**What you will do**: Below are some records. Print exactly the lines between the one holding "Right-click your display" and the one holding "Hi, my name", inclusive, and nothing else.

**Data provided**:
• • • • •

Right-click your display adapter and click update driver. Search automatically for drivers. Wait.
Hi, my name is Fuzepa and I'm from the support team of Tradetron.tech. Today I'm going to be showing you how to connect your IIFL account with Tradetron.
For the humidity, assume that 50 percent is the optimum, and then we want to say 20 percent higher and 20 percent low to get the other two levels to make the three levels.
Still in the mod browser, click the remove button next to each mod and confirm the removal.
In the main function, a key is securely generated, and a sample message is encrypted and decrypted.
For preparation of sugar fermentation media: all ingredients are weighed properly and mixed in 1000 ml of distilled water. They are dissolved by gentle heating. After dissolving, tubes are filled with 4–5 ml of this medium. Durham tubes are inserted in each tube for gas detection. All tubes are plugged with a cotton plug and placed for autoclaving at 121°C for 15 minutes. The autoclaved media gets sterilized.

• • • • •

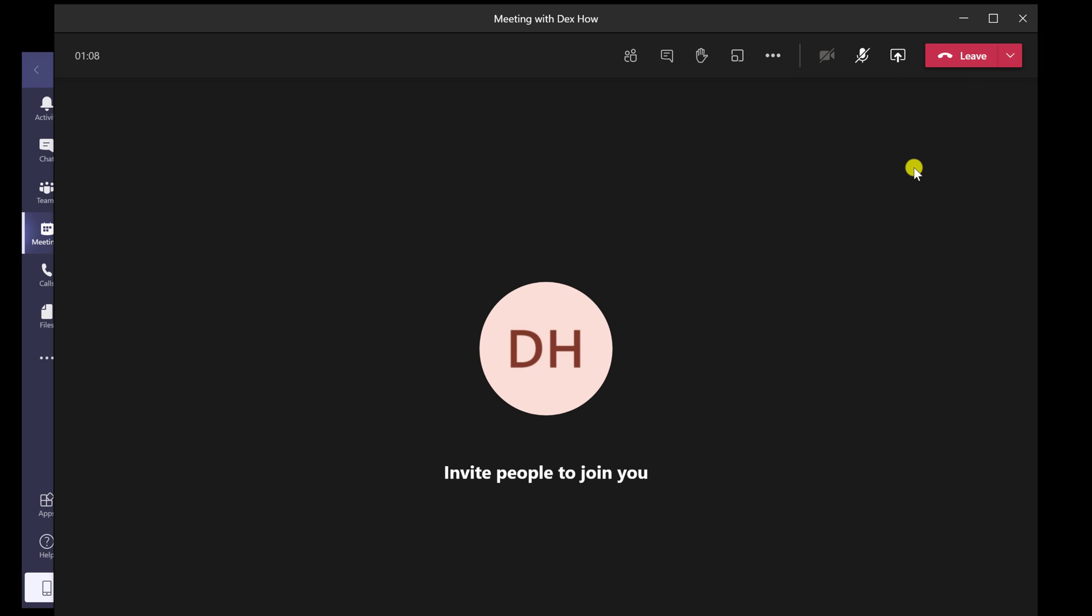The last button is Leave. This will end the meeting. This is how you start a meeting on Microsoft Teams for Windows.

• • • • •

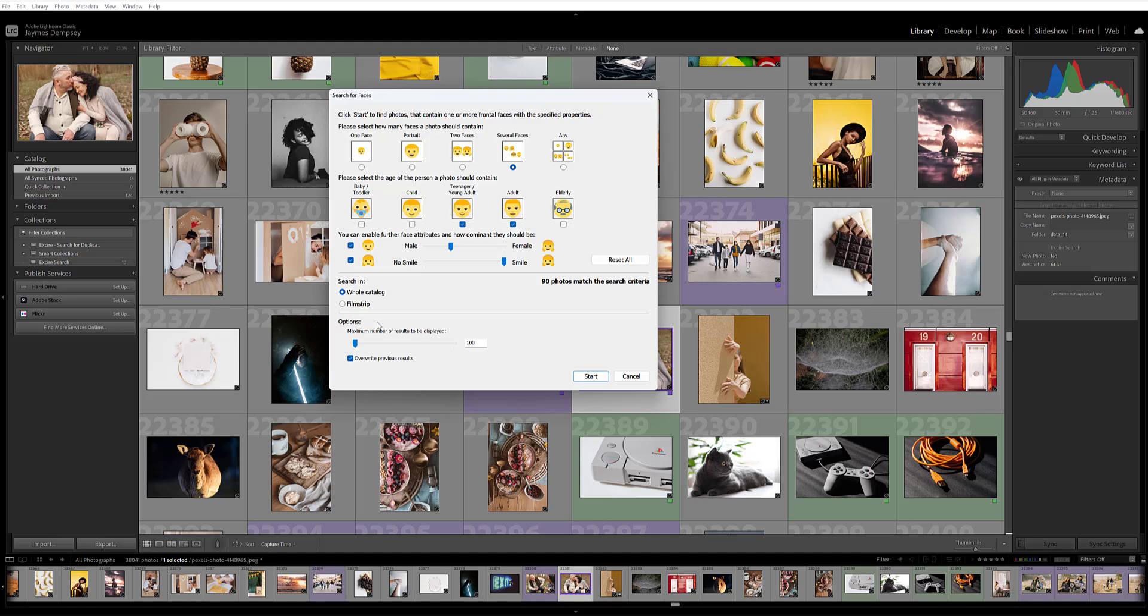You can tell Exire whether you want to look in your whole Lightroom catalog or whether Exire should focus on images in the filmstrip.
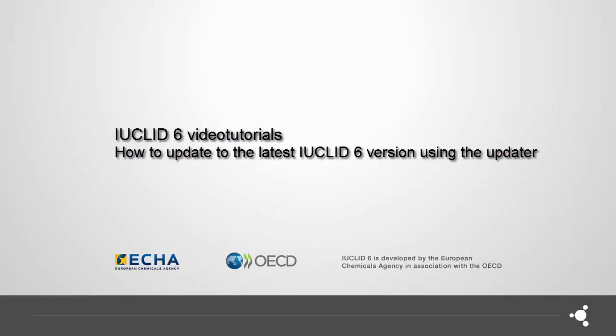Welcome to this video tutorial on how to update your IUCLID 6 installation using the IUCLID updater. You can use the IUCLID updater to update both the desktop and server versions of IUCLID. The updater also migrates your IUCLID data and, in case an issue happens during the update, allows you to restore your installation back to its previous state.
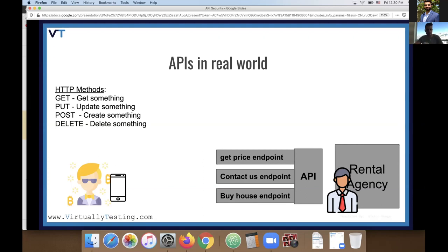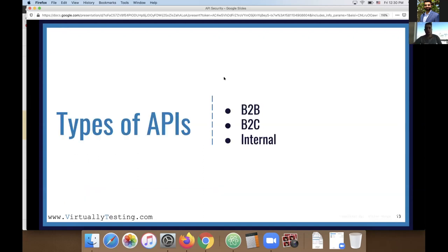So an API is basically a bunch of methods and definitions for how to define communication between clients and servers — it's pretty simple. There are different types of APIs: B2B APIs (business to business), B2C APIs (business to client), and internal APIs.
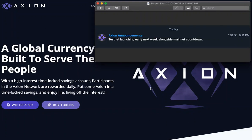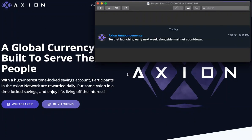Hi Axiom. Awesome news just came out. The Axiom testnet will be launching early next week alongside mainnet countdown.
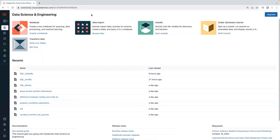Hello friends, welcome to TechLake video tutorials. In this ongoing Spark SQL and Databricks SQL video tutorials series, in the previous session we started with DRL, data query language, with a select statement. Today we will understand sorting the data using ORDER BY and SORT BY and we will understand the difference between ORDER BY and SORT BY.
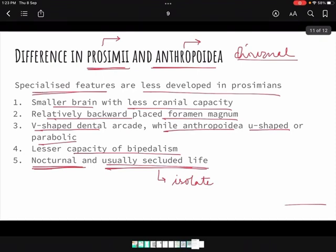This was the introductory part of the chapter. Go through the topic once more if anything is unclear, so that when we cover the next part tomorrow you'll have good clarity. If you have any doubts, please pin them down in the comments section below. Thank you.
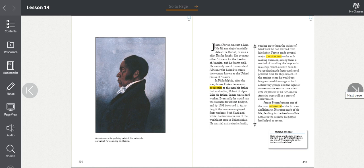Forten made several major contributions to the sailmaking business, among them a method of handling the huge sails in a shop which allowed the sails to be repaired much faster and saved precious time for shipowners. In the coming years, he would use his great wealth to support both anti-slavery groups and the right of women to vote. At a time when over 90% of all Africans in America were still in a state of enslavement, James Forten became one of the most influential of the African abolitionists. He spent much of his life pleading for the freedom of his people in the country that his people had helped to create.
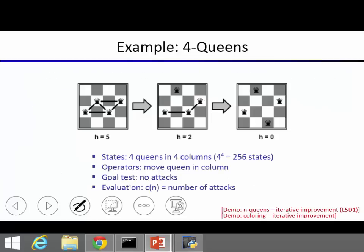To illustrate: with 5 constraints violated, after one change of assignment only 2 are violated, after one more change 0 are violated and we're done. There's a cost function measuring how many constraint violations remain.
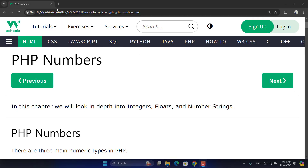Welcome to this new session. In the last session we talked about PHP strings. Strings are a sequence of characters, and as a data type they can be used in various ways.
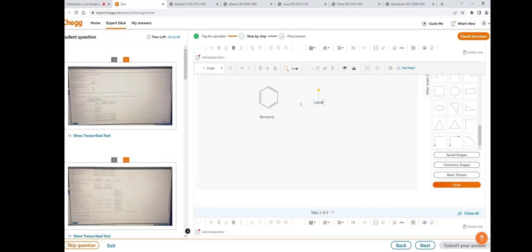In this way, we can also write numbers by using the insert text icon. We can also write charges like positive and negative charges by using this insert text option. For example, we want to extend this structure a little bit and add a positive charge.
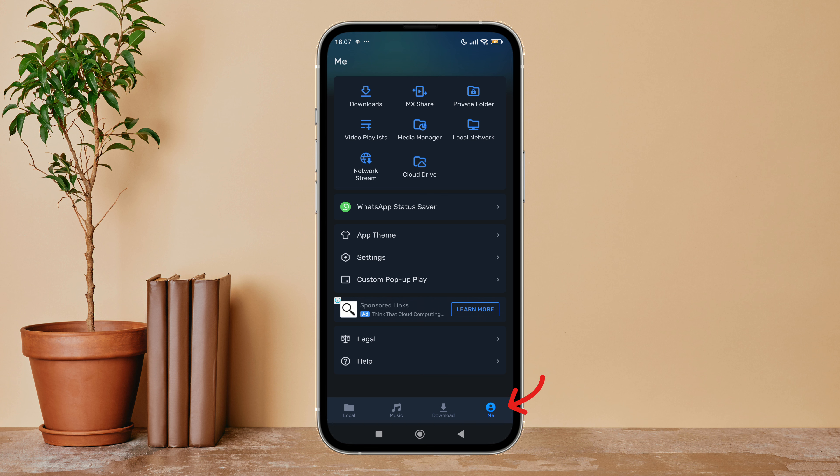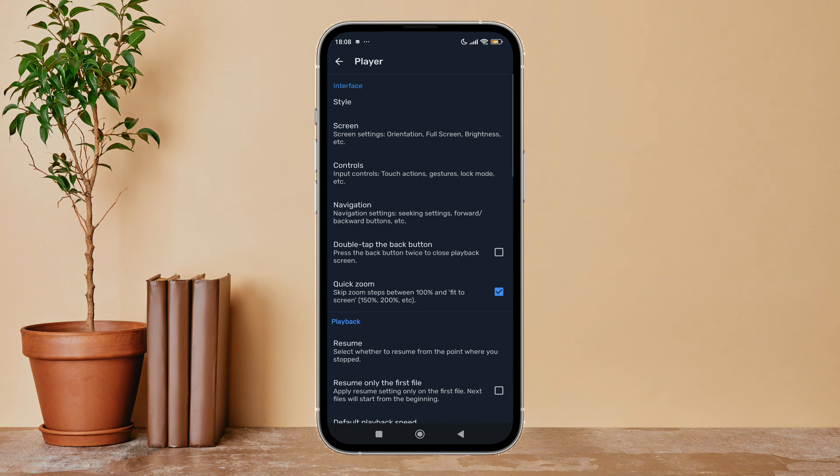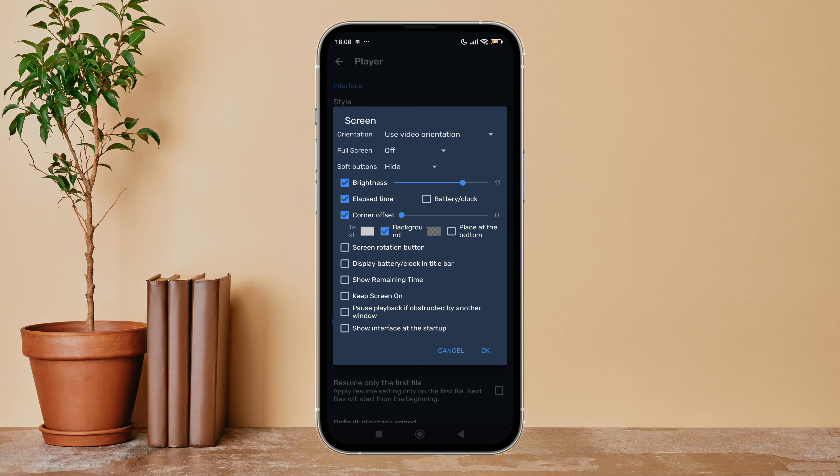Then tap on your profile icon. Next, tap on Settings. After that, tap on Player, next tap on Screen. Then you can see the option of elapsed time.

• • • • •

**Answer for this exercise**:
Right-click your display adapter and click update driver. Search automatically for drivers. Wait.
Hi, my name is Fuzepa and I'm from the support team of Tradetron.tech. Today I'm going to be showing you how to connect your IIFL account with Tradetron.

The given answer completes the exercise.